They included articles in The Jewish Chronicle, the Jewish Quarterly and one by the Jewish affairs correspondent of The Tablet.
All the comments made by Jewish writers about the fascist phenomenon before and after the last world war were fair, balanced and constructive.
After my book was published, I made a short tour of Israel in 2000 and spoke to rabbis, students and ordinary Jews about Mosley in the 1950s and 1960s.
The following year, I completed a tour of colleges in different parts of the UK with large Jewish student intakes.
Trevor Grundy (right) with Sir Malcolm Rifkind at the home of the former British Foreign Secertary in 2000 in Edinburgh. There Grundy spoke to a large collection of prominent Scottish Jews about his childhood in the Mosley Movement in the 1950s and early 1960s. (Picture: David Kaplan)
In 2009, the former Archbishop of Canterbury, Dr Rowan Williams, described the book as “an extraordinary chronicle“ adding, “I wish all those who are inclined to underrate the corruption potential of fascism could read and digest this.”
With the appalling rise of anti-Semitism in this country, in Europe and in the USA it might be a book to show to young people tempted to support race hate organisations. And there’s plenty of them.

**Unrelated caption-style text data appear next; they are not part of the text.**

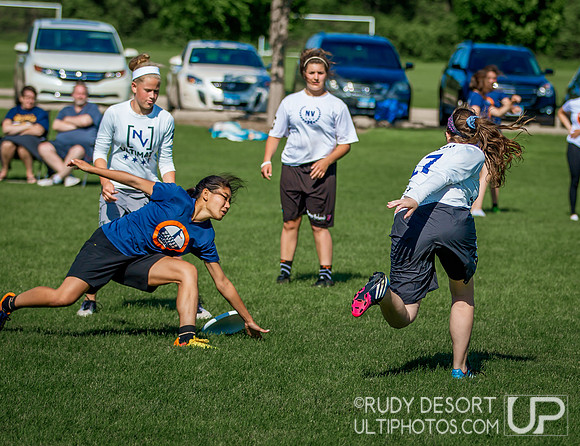 Illinois HS State Championships  2018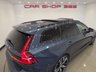 USED 2019 19 VOLVO V60 2.0 D4 R-Design Pro Estate 5dr Diesel Auto Euro 6 (s/s) (190 ps) 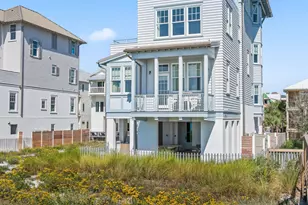 Lot 19 W Lupin Beach Dr W, Inlet Beach, FL 32461 - Photo 8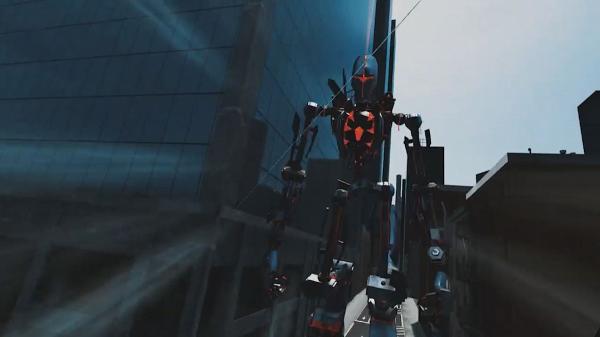 【PSVR】《蜘蛛俠：決戰千里VR》免費遊戲登場！變身蜘蛛俠飛越紐約對抗敵人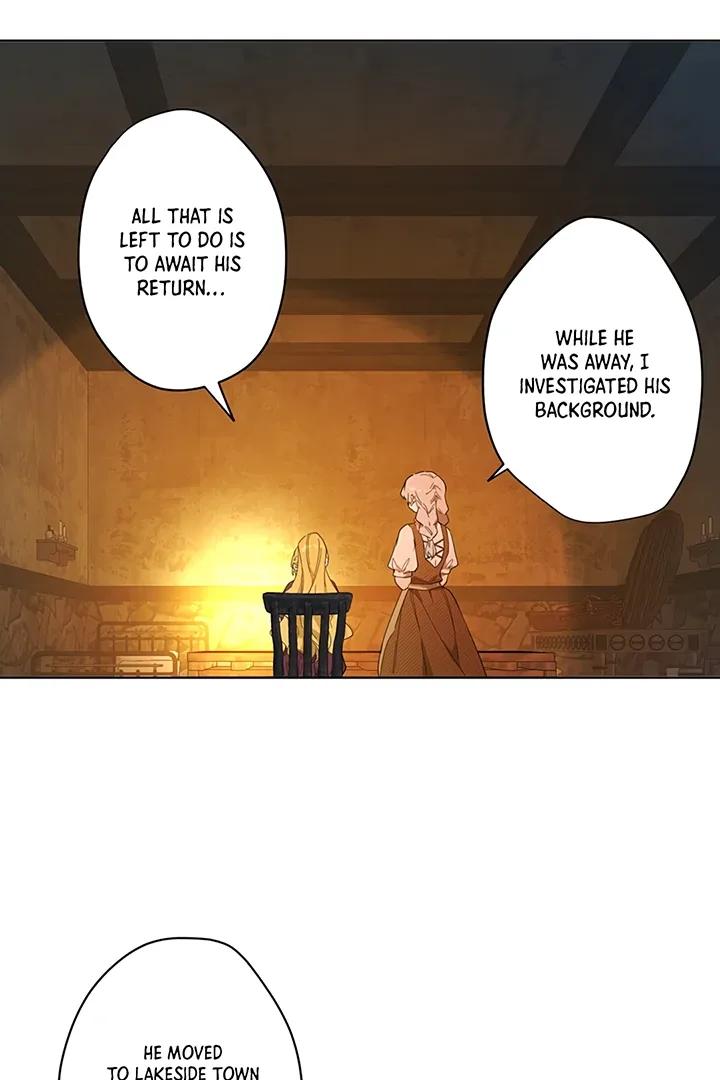 From Six to Sovereignty: The Girl Who Ruled Chapter 22 page 12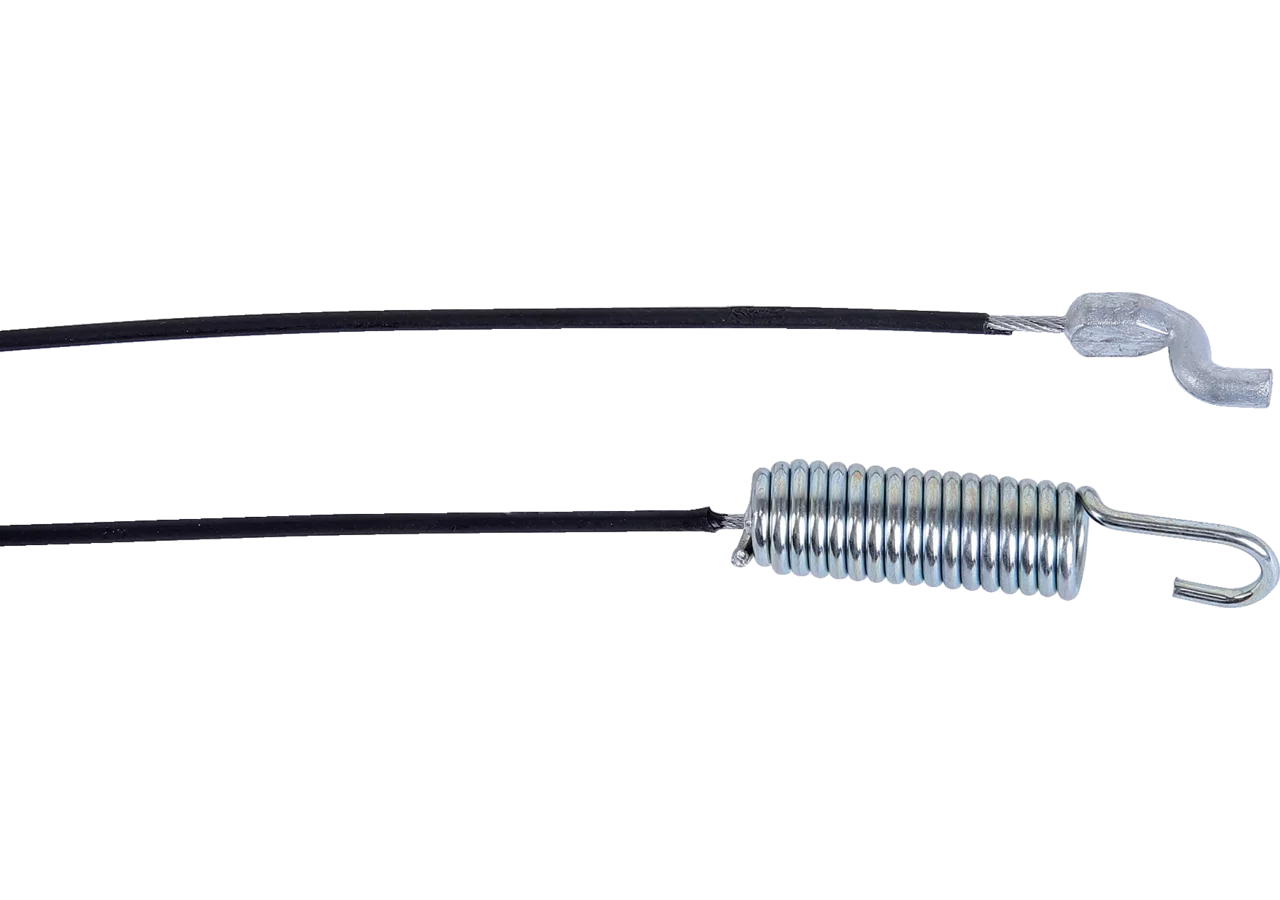 Kupplungszug Einzugschnecke L 1220 mm – Ersatz für MTD 74604230A GartenShop24 - Hochwertige Gartengeräte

The late David Cesarani, one of the world’s leading authorities on the Holocaust, urged me to write a follow – up after I told him in London that I had cut out ‘quite a lot’ to protect, not the dead but the living, people I once knew and loved.
Today, almost all of them are either dead or have left Britain. For me, the road is open once again.
“Give me the child of seven and I will give you the man,” said St Ignatius Loyola.
How I hope he was wrong.
It is possible to change but it takes luck as well as determination.
I was saved by chance – meeting a man who turned my fascist world upside down and inside out and education.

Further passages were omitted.